Working with watsonx.ai Jupyter Notebook

watsonx.data integrates with watsonx.ai to allow a web-based working experience with Jupyter Notebook. You can use the watsonx.ai interface to build your own code in the Jupyter Notebook, and run it by using watsonx.data Spark as the runtime environment.

Applies to :

Spark engine

Apache Gluten accelerated Spark engine

For more information, see Notebooks and scripts (Watson Studio).

Before you begin

Install watsonx.ai on your system and create a watsonx.ai project. For information, see Creating a project.

Required permissions
To work with watsonx.ai Jupyter Notebook, you must have User role to Project or User role to engine.

Running Jupyter Notebook by using native Spark Engine

To run the Jupyter Notebook on your watsonx.data spark engine, do the following:
  1. Create watsonx.ai project
    To create a watsonx.ai project, see Creating a project.
  2. Create a Spark engine environment
    To run a Jupyter Notebook, you must create a runtime environment template.
    To do that, access the watsonx. ai project from the UI. Go toManage tab. Create a template.
    For more information about creating environment templates, see Creating environment templates..
    While creating the template, select Type as Spark and from the Spark engine list, select the native Spark engine that you provisioned in the watsonx.data instance.
  3. Create a Jupyter Notebook asset and access it from the Jupyter Notebook editor tool
    To create a notebook file in the notebook editor, see Creating a notebook file in the notebook editor.
    When you create the notebook, specify the runtime environment to be considered for the watsonx.data spark engine.
    The notebook opens in edit mode. You can start working on it. For more information, see Creating a notebook file in the notebook editor.

Accessing the watsonx.data catalog

Run the notebook to access the watsonx.data catalog
Add the following code snippet in the notebook cell and run it. The code snippet includes configurations that are required to connect to the associated watsonx.data catalog.
conf=spark.sparkContext.getConf()
spark.stop()

from pyspark.sql import SparkSession
from pyspark.sql.functions import col, to_utc_timestamp
import base64,getpass

wxd_username=getpass.getpass("Please enter your username with hms access:").strip() #Prompt for username
wxd_hms_username="ibmlhapikey_"+wxd_username
wxd_hms_password=getpass.getpass("Please enter your api key with hms access:").strip() #Prompt for api key
string_to_encode=wxd_username+":"+wxd_hms_password
wxd_encoded_apikey="ZenApiKey "+base64.b64encode(string_to_encode.encode("utf-8")).decode("utf-8")

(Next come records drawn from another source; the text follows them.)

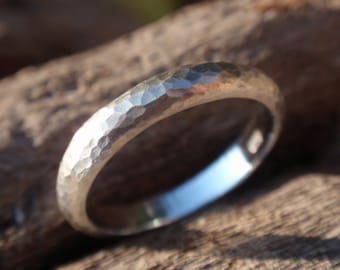 Handmade Hammered Sterling Silver Wedding Band - 3mm - Unisex Ring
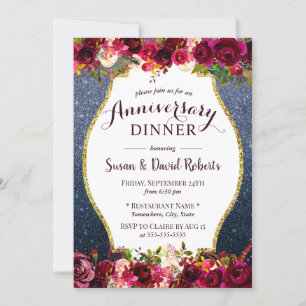 Anniversary Dinner Burgundy Floral Navy Blue Invitation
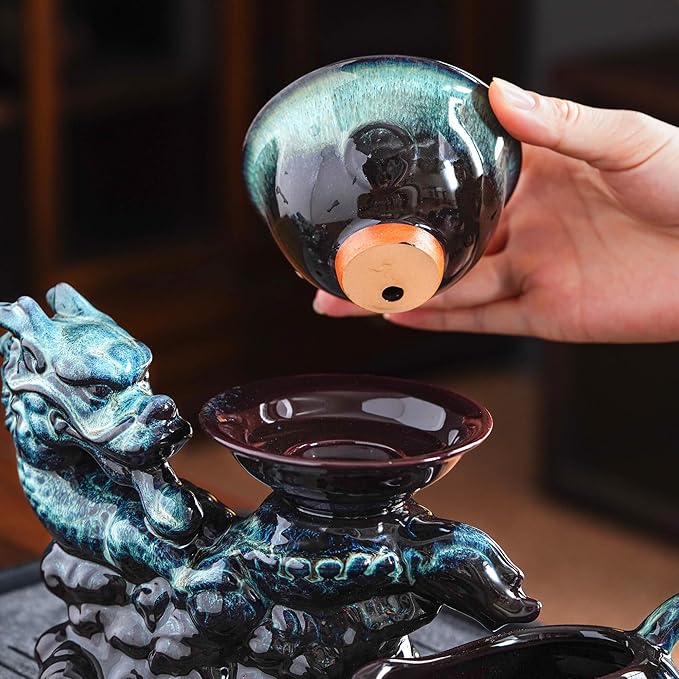 Ceramic Teapot with Infuser Semi Automatic Tea Set Magic Teapot with 8 cups Gradient Color (Gradient Dragon- B) - Bloomnest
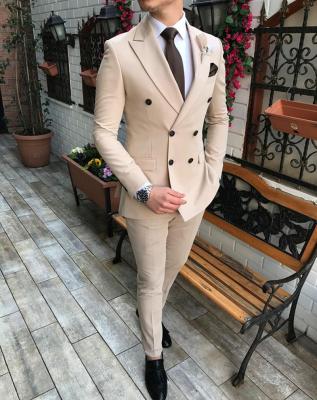 China Anti-wrinkle Customized (Blazer+Pants)New Beige Men's Suit 2 Pieces Double-breasted Notch Lapel Flat Slim Fit Casual Tuxedos For Wedding for sale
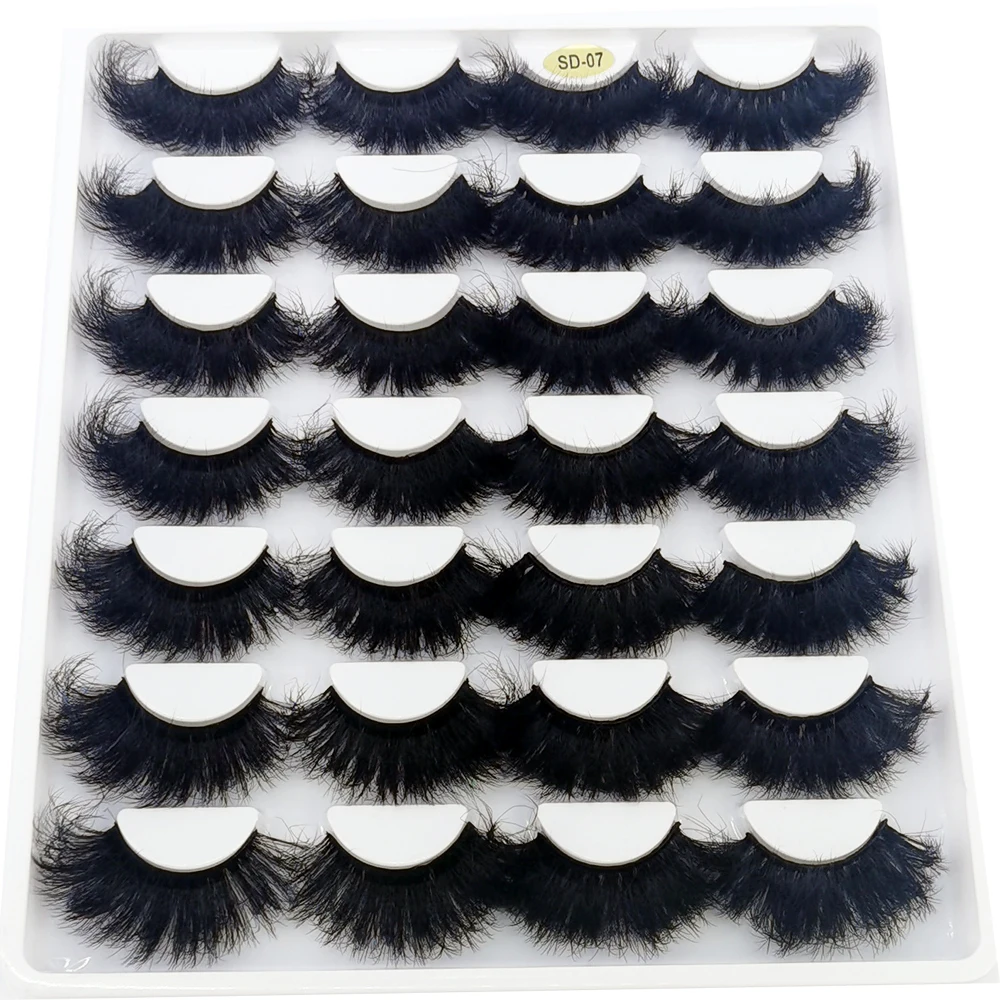 HBZGTLAD 14 Paar Wimpern 25mm Kunstnerz-Wimpern Langanhaltende Flauschige Nerzwimpern Dramatische Volumen-Wimpernverlängerung Dick Lang – Detail 16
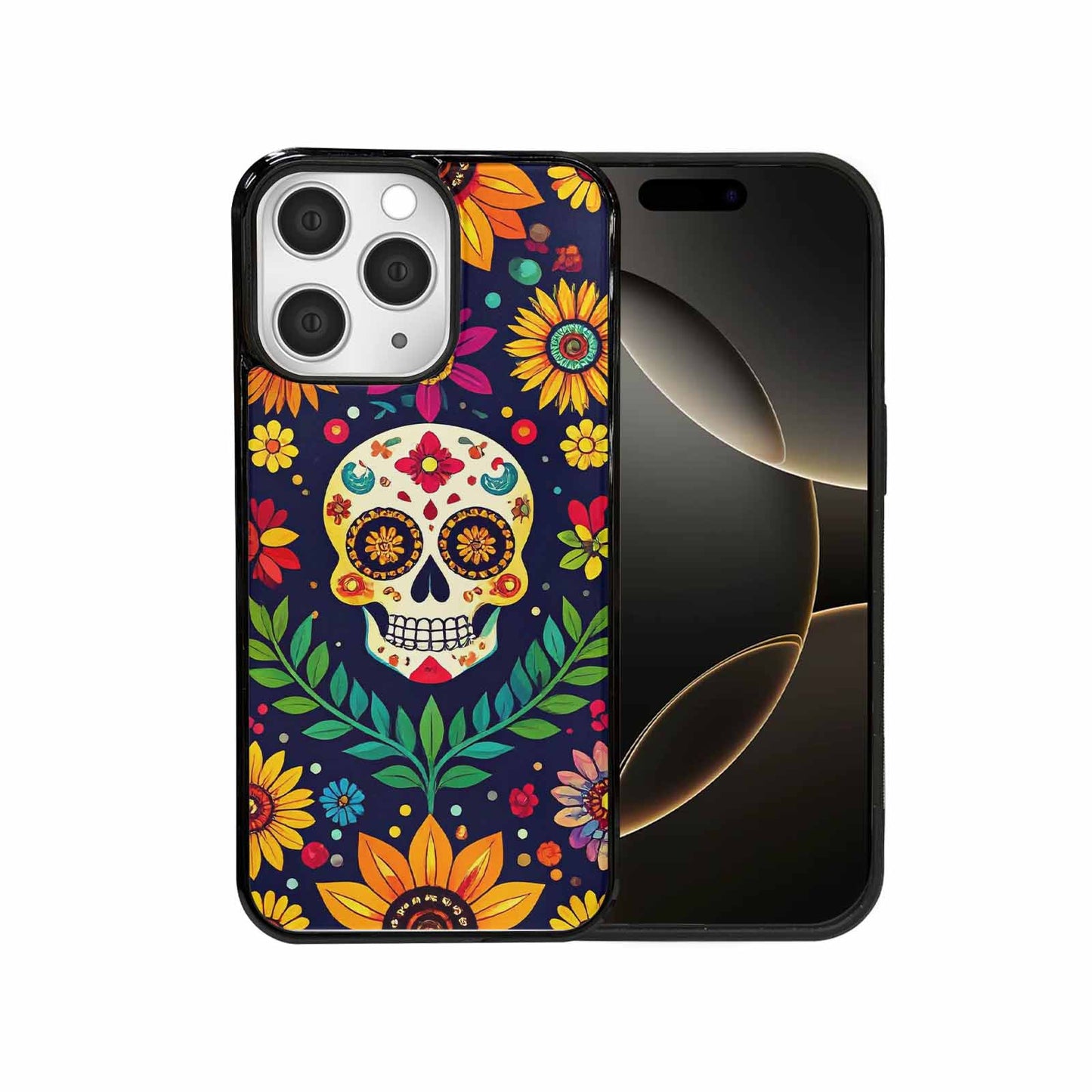iPhone 15 Pro Max Case — Sunflowers And Skulls, Custom Made Phone Cover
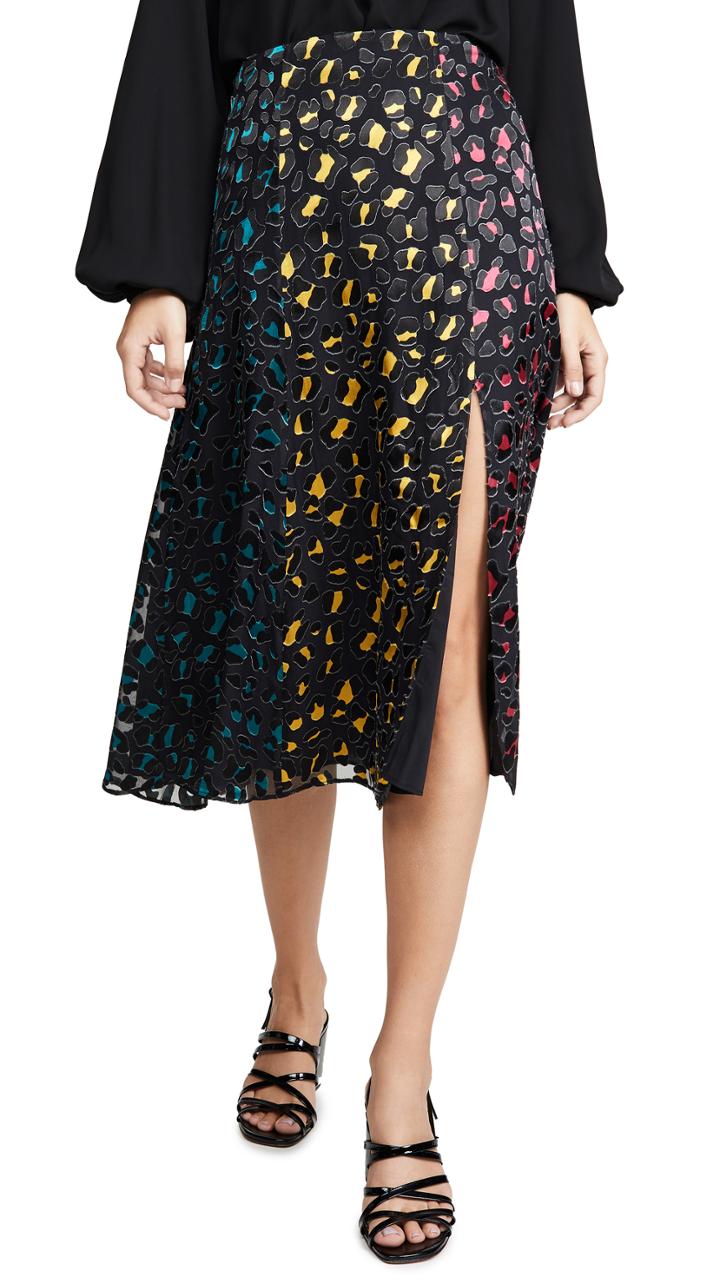 Alice Olivia Jenessa Combo High Slit Skirt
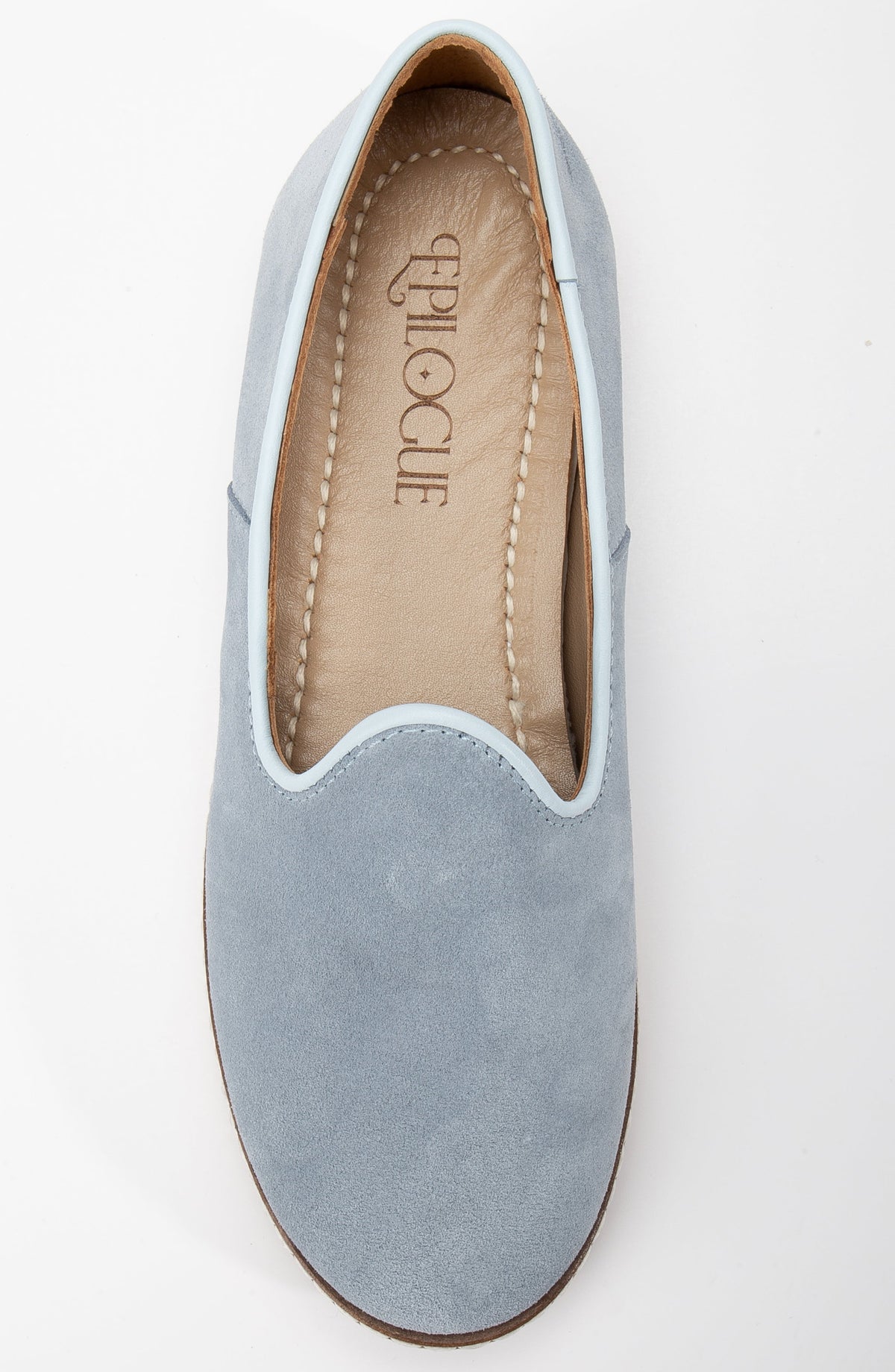 Istanbul - Dusty Blue Suede Leather Slip On – back view showing leather, suede, blue, Vowalisse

conf.setAll([("spark.hive.metastore.client.plain.username", wxd_hms_username), \
    ("spark.hive.metastore.client.plain.password", wxd_hms_password), \
    ('spark.hadoop.hive.wxd.user.name', wxd_username), \
    ("spark.hadoop.wxd.apikey", wxd_encoded_apikey)
])

spark = SparkSession.builder.config(conf=conf).enableHiveSupport().getOrCreate()
When you run the code snippet. It prompts for the username and password. Username is the username whose api key is used to access the data bucket. Note: You must have `Metastore Admin` access on Hive Metastore. For more information, see Managing access to the Metadata Service (MDS). The Zen API Key here is the API key of the user accessing the Object store bucket. To generate API key, log in into the watsonx.data console and navigate to Profile > Profile and Settings > API Keys and generate a new API key.
Note: You can add more code snippets based on your use case and continue. For more information, see Creating a notebook file in the notebook editor.